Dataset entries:
• • • • •

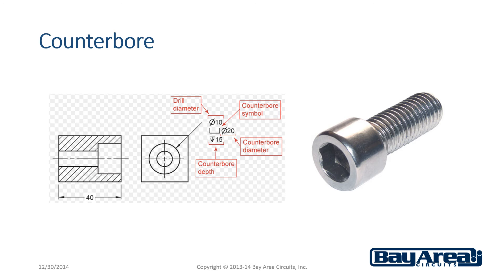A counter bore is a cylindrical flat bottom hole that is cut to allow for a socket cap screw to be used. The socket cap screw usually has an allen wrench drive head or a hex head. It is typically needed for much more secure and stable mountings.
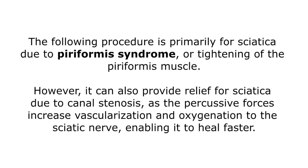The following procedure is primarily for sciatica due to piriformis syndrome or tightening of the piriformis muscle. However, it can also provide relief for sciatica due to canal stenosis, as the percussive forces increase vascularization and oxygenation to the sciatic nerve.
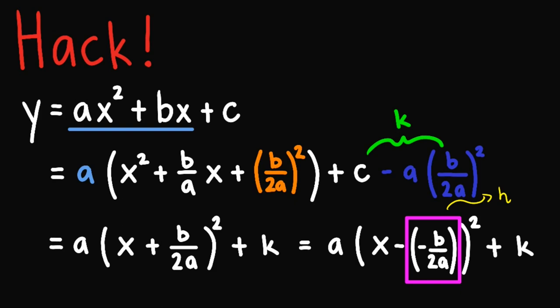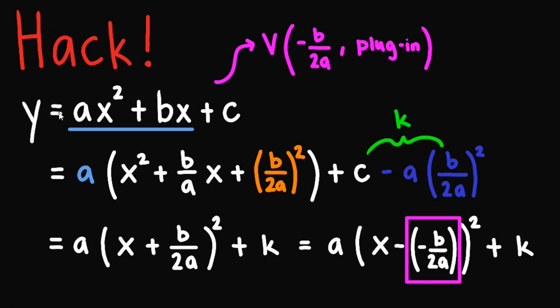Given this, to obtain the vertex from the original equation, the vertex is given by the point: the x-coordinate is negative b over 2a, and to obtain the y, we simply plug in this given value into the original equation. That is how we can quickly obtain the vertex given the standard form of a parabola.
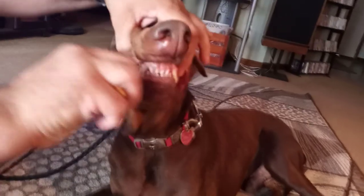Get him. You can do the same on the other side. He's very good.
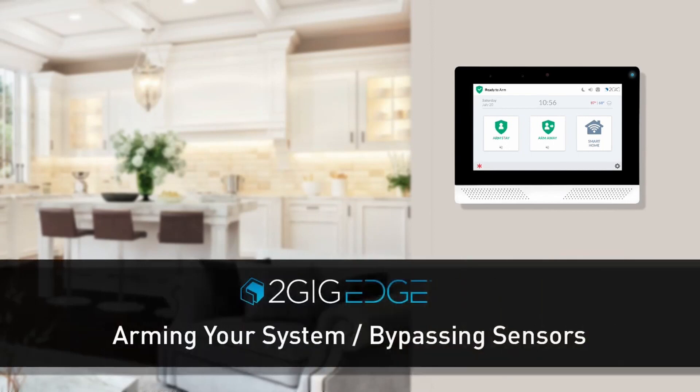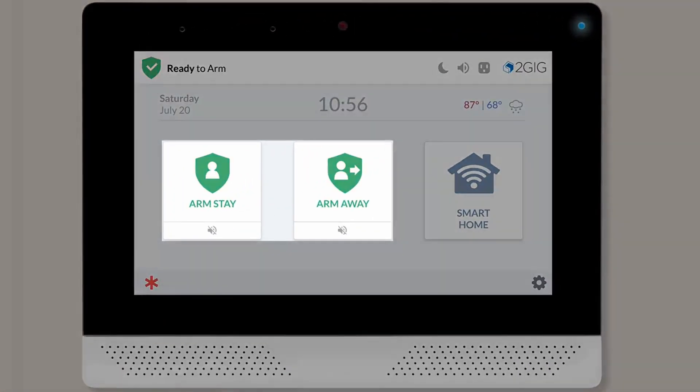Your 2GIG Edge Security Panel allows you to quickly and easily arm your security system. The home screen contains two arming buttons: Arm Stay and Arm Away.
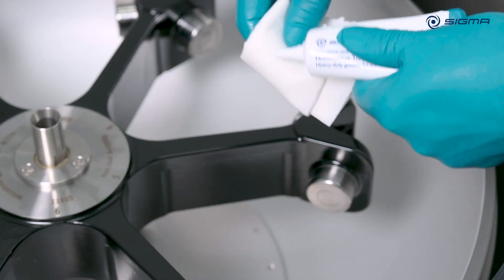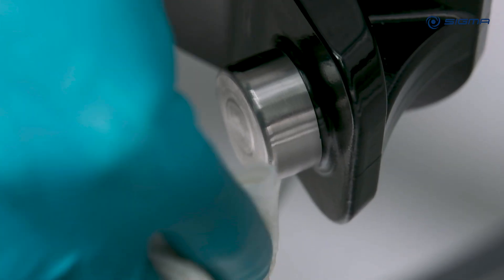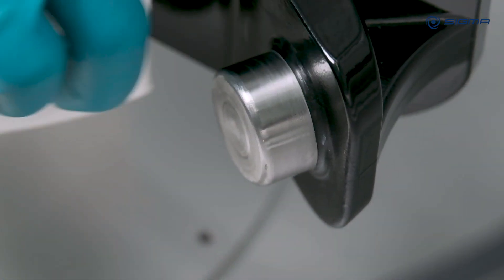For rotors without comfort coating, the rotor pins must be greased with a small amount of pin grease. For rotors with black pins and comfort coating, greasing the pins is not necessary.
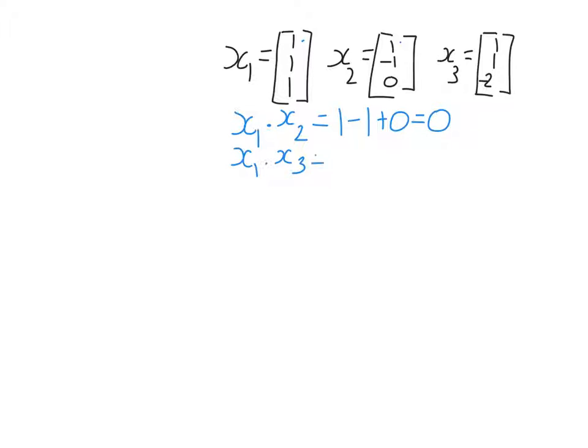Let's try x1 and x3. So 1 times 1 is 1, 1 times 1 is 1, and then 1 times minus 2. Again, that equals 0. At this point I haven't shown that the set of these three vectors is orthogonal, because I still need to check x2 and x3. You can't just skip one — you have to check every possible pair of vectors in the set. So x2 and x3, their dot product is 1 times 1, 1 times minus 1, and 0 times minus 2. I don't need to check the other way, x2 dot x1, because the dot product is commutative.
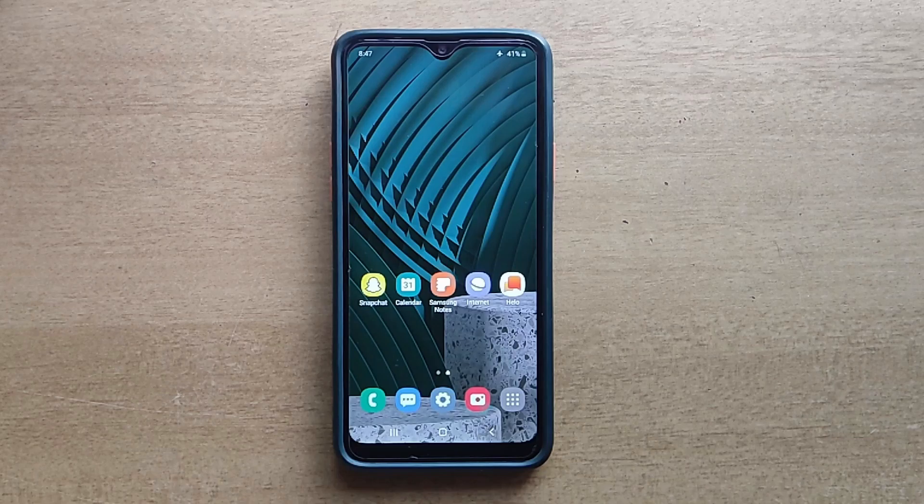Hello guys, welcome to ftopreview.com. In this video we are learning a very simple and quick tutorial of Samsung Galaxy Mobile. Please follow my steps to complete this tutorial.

• • • • •

Exercise objective
All pictures are to be dropped, and the records above returned exactly.

Result below
A counter bore is a cylindrical flat bottom hole that is cut to allow for a socket cap screw to be used. The socket cap screw usually has an allen wrench drive head or a hex head. It is typically needed for much more secure and stable mountings.
The following procedure is primarily for sciatica due to piriformis syndrome or tightening of the piriformis muscle. However, it can also provide relief for sciatica due to canal stenosis, as the percussive forces increase vascularization and oxygenation to the sciatic nerve.
Given this, to obtain the vertex from the original equation, the vertex is given by the point: the x-coordinate is negative b over 2a, and to obtain the y, we simply plug in this given value into the original equation. That is how we can quickly obtain the vertex given the standard form of a parabola.
Get him. You can do the same on the other side. He's very good.
Your 2GIG Edge Security Panel allows you to quickly and easily arm your security system. The home screen contains two arming buttons: Arm Stay and Arm Away.
For rotors without comfort coating, the rotor pins must be greased with a small amount of pin grease. For rotors with black pins and comfort coating, greasing the pins is not necessary.
Let's try x1 and x3. So 1 times 1 is 1, 1 times 1 is 1, and then 1 times minus 2. Again, that equals 0. At this point I haven't shown that the set of these three vectors is orthogonal, because I still need to check x2 and x3. You can't just skip one — you have to check every possible pair of vectors in the set. So x2 and x3, their dot product is 1 times 1, 1 times minus 1, and 0 times minus 2. I don't need to check the other way, x2 dot x1, because the dot product is commutative.
Hello guys, welcome to ftopreview.com. In this video we are learning a very simple and quick tutorial of Samsung Galaxy Mobile. Please follow my steps to complete this tutorial.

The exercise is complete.